A teenager stabbed a 12-year-old girl to death after she objected to being filmed, a court has heard

Ava White died from her injuries after she was stabbed in Liverpool city centre while out with friends on 25 November 2021.
A 14-year-old boy, who denies murder, is on trial at Liverpool Crown Court, where he appeared by videolink.
Charlotte Newell QC said Ava and the boy had met in a “chance encounter” at a Christmas lights switch-on event.
The jury heard the boy had a knife with a 7.5cm (2.9 inch) blade and had pleaded guilty to having an offensive weapon.
Ms Newell, prosecuting, said: “That knife was used to stab Ava, causing her fatal wound.
“That was done after they argued over the fact that he and his group had, without permission, filmed the antics of Ava and others in her group.
“Ava in particular was appalled and angry that they were filming her and was quite insistent that they delete the footage.”
The boy laughed and ran away after the attack before attempting to cover his tracks, the prosecutor said.
She said Ava and her friends, all aged between 11 and 15, had shared some alcohol and had been “messing around” near the city’s Royal Court Theatre before being told to move on by security staff at about 20:15 GMT.
They moved to Richmond Street, where the defendant and his friends saw them and he began to film a video which he would later share on Snapchat, Ms Newell said.
Ava and a friend approached the boys and asked them to stop filming and delete the footage, before being joined by more of her friends, including two older boys.
The jury was told the older boys left but the defendant and his friends then “jeered” at Ava, causing her to run towards them.
A 20-second clip showing the stabbing in School Lane was played to the court, which showed Ava approaching the defendant.
Family members were in tears in the public gallery as the footage was played.

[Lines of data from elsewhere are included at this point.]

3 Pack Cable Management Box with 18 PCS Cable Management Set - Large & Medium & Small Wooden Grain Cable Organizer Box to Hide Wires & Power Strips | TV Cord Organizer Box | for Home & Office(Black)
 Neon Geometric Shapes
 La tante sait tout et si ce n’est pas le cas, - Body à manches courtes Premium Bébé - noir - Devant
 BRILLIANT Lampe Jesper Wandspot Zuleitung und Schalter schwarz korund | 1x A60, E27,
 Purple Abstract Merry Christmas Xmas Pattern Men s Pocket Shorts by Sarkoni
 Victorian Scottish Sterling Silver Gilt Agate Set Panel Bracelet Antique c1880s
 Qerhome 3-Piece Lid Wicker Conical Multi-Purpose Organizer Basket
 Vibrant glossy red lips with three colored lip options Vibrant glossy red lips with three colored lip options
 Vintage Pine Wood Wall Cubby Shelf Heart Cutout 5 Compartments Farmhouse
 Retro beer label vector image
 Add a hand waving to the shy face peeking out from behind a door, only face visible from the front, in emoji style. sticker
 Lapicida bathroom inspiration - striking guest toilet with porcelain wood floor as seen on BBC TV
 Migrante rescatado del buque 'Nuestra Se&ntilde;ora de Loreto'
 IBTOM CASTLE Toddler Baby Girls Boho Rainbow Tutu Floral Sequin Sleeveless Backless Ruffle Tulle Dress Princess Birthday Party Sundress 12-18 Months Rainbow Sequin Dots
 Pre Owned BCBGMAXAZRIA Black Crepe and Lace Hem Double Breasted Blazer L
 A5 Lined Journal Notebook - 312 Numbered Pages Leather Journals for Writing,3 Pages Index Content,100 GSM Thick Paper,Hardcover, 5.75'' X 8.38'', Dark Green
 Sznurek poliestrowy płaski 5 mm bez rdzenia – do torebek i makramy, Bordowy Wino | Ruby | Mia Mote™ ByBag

Ms Newell said Ava had approached the defendant but did not “inflict any violence upon him greater than a push, nor did she produce or have any weapon”.
She said the boy’s reaction was not to turn and run or to slap or punch her.
Ms Newell told the court: “Instead it was to thrust a knife into the neck of this unarmed child with what the pathologist was to determine was moderate force, the force of a firm punch.”
She said the defendant now claimed he was acting in self-defence, fearing he would be assaulted or stabbed.
The prosecutor added: “However, his reaction at the time was to smirk, to laugh and to run away, leaving Ava to die whilst he sought to distance himself from his actions.”
The court heard he “began a conscious cover-up” of the crime, discarding his knife, phone and coat.
Mrs Justice Yip told the jury the defendant had attention-deficit hyperactivity disorder and they may see him using a fidget toy to help his concentration.
The defendant, who cannot be named due to his age, also denies an alternative count of manslaughter.
The trial is expected to last three weeks.